**Data provided**
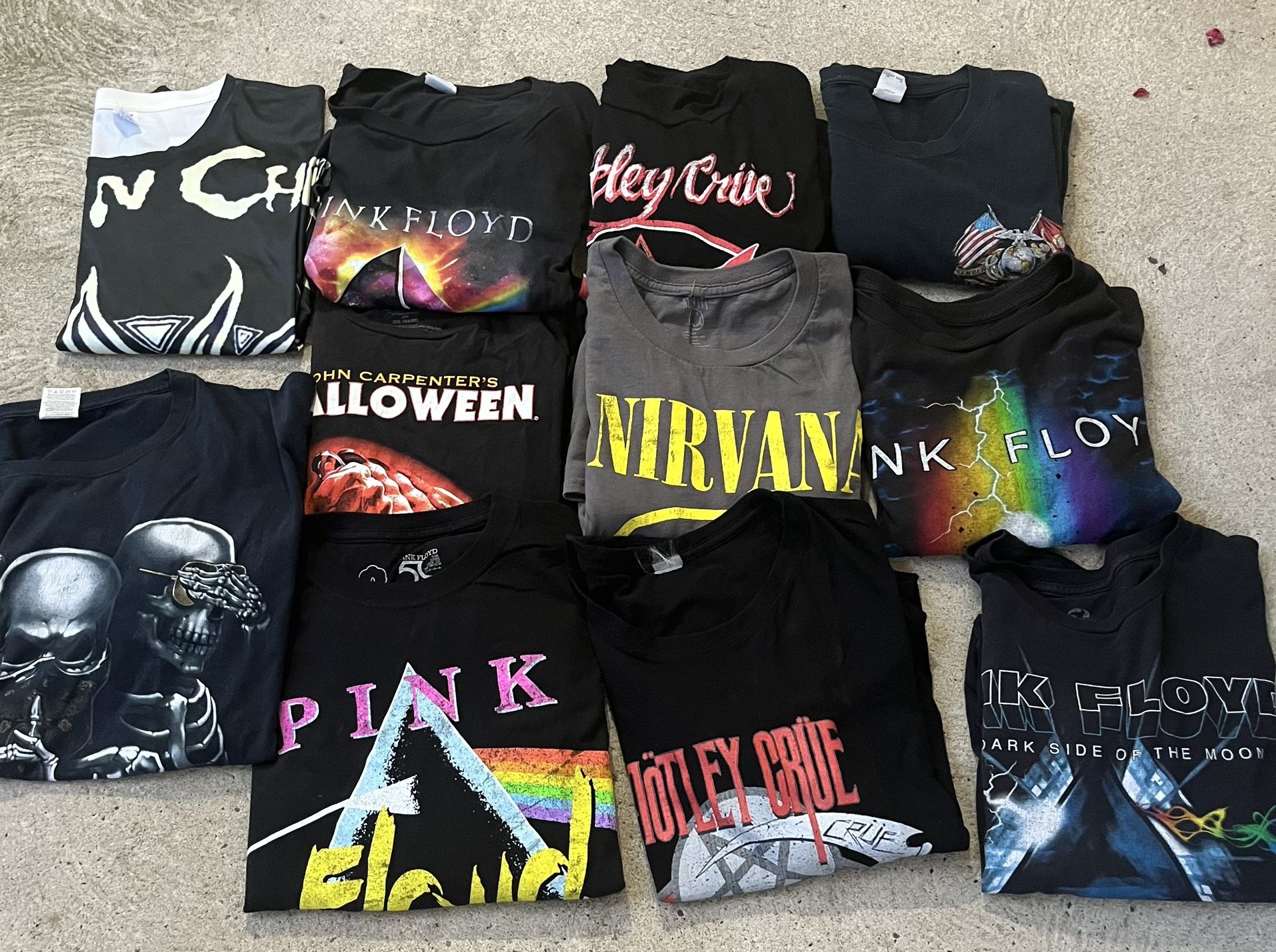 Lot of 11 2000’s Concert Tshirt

* * *

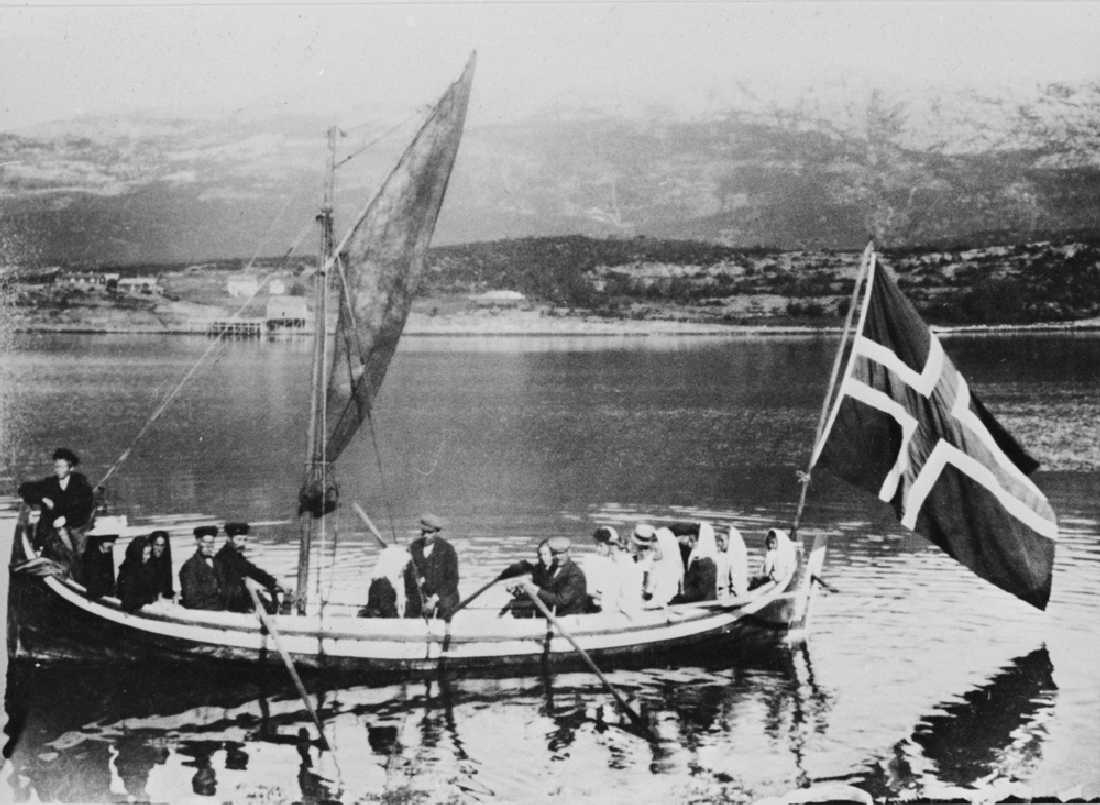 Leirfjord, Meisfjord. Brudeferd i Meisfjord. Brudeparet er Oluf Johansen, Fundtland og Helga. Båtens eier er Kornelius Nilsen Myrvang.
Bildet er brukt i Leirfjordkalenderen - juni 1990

==

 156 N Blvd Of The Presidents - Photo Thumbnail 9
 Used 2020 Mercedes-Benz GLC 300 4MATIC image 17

**What you will do**
Where the listing above has a line with "156 N Blvd Of", start there, and output every line exactly through the line with "Used 2020 Mercedes-Benz", which is also included.

**Written answer**
 156 N Blvd Of The Presidents - Photo Thumbnail 9
 Used 2020 Mercedes-Benz GLC 300 4MATIC image 17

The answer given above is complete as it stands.